:: YOUR INSTRUCTIONS ::
In the copy, include all of the listing exactly and none of its pictures.

:: EXTRACTED INFORMATION ::
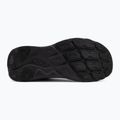 Încălțăminte de alergare pentru bărbați HOKA Rincon 5 black/black 4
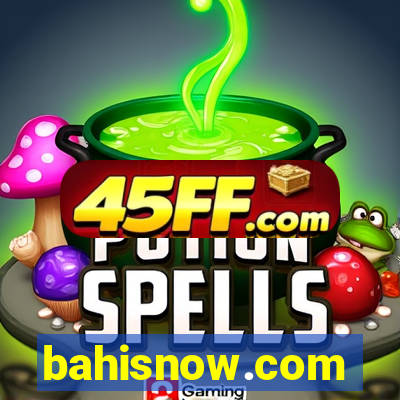 bahisnow.com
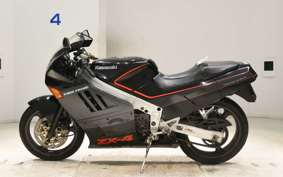 KAWASAKI ZX-4 1988 ZX400G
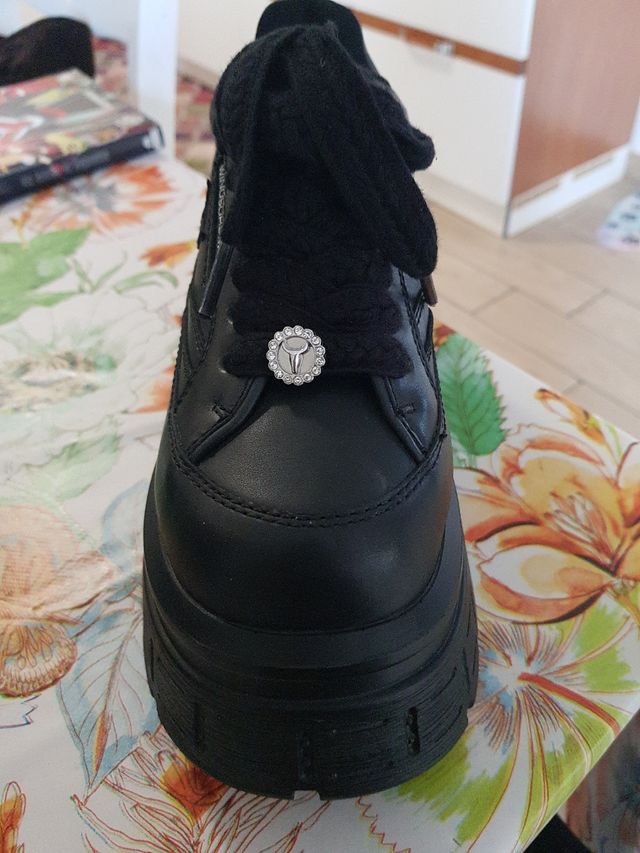 Scarpe Buffalo donna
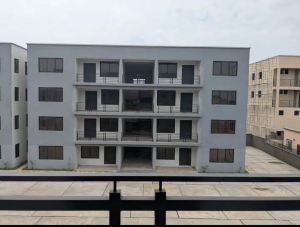 2 bedroom Apartment For Rent Achimota Mall Area. Close To The Achimota Mall Accra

:: EXERCISE RESPONSE ::
 Încălțăminte de alergare pentru bărbați HOKA Rincon 5 black/black 4
 bahisnow.com
 KAWASAKI ZX-4 1988 ZX400G
 Scarpe Buffalo donna
 2 bedroom Apartment For Rent Achimota Mall Area. Close To The Achimota Mall Accra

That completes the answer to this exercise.